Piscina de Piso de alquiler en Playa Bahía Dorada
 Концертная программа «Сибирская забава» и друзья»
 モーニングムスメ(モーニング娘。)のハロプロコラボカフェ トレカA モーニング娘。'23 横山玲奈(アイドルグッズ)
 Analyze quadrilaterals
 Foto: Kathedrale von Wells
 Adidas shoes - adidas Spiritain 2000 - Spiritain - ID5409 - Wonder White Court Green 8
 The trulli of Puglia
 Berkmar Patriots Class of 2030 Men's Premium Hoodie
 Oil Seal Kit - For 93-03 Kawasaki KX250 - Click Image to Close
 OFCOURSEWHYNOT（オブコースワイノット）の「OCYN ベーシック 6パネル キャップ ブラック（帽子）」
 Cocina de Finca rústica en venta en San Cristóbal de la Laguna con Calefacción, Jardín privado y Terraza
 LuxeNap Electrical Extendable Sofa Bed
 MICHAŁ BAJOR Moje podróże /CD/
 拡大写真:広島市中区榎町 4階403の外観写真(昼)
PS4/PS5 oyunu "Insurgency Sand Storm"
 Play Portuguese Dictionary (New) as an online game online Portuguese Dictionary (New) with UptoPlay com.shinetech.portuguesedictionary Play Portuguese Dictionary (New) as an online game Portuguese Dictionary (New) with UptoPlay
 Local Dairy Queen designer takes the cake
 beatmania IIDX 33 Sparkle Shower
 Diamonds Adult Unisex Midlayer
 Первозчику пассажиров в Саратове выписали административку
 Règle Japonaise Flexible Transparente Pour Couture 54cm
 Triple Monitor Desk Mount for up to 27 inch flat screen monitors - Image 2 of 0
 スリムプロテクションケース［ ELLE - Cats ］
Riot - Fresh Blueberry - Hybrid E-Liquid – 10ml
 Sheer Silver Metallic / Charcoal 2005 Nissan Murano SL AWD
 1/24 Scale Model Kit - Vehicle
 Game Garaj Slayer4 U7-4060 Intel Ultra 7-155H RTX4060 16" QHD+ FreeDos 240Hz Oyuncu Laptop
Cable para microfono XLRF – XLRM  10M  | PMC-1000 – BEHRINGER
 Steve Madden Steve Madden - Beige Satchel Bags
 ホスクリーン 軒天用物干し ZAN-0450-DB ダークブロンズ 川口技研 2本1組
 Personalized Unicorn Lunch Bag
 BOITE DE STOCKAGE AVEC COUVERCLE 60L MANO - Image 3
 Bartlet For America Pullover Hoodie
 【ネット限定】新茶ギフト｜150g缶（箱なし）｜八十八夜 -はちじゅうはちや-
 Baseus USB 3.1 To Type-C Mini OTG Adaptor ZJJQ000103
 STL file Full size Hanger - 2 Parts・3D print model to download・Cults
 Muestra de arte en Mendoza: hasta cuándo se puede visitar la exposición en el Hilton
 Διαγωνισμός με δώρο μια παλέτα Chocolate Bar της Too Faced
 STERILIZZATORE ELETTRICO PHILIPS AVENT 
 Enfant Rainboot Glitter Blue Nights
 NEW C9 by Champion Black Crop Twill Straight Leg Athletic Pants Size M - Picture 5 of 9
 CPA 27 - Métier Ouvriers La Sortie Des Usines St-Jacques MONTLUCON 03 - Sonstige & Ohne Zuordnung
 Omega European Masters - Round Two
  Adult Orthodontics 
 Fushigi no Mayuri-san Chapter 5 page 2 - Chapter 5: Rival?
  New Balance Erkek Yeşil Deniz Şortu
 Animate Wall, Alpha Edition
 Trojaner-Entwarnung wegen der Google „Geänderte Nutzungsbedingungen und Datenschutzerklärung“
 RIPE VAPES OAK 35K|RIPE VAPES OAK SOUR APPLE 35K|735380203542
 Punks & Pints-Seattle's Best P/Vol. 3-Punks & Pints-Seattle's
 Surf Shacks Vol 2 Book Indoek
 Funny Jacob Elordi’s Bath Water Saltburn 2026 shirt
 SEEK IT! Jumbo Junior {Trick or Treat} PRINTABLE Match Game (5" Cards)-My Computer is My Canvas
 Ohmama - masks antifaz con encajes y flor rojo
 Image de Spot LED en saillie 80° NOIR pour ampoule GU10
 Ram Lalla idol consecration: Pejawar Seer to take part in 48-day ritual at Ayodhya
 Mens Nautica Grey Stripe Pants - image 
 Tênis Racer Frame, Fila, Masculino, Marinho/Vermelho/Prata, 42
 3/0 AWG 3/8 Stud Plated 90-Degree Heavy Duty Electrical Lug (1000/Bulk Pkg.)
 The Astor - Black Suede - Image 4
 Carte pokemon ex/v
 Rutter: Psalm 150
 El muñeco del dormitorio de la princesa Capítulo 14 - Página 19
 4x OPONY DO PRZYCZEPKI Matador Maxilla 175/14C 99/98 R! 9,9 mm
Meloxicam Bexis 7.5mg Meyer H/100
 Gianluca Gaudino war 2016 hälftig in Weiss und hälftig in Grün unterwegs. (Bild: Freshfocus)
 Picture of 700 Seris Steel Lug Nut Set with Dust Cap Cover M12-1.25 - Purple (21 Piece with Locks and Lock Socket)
++++++++++++++++++++
● ASSIGNMENT:
Would you print the line containing "RIPE VAPES OAK 35K|RIPE" and every line after it up to the end of the listing above, exactly, and nothing else?

● ANSWER AREA:
 RIPE VAPES OAK 35K|RIPE VAPES OAK SOUR APPLE 35K|735380203542
 Punks & Pints-Seattle's Best P/Vol. 3-Punks & Pints-Seattle's
 Surf Shacks Vol 2 Book Indoek
 Funny Jacob Elordi’s Bath Water Saltburn 2026 shirt
 SEEK IT! Jumbo Junior {Trick or Treat} PRINTABLE Match Game (5" Cards)-My Computer is My Canvas
 Ohmama - masks antifaz con encajes y flor rojo
 Image de Spot LED en saillie 80° NOIR pour ampoule GU10
 Ram Lalla idol consecration: Pejawar Seer to take part in 48-day ritual at Ayodhya
 Mens Nautica Grey Stripe Pants - image 
 Tênis Racer Frame, Fila, Masculino, Marinho/Vermelho/Prata, 42
 3/0 AWG 3/8 Stud Plated 90-Degree Heavy Duty Electrical Lug (1000/Bulk Pkg.)
 The Astor - Black Suede - Image 4
 Carte pokemon ex/v
 Rutter: Psalm 150
 El muñeco del dormitorio de la princesa Capítulo 14 - Página 19
 4x OPONY DO PRZYCZEPKI Matador Maxilla 175/14C 99/98 R! 9,9 mm
Meloxicam Bexis 7.5mg Meyer H/100
 Gianluca Gaudino war 2016 hälftig in Weiss und hälftig in Grün unterwegs. (Bild: Freshfocus)
 Picture of 700 Seris Steel Lug Nut Set with Dust Cap Cover M12-1.25 - Purple (21 Piece with Locks and Lock Socket)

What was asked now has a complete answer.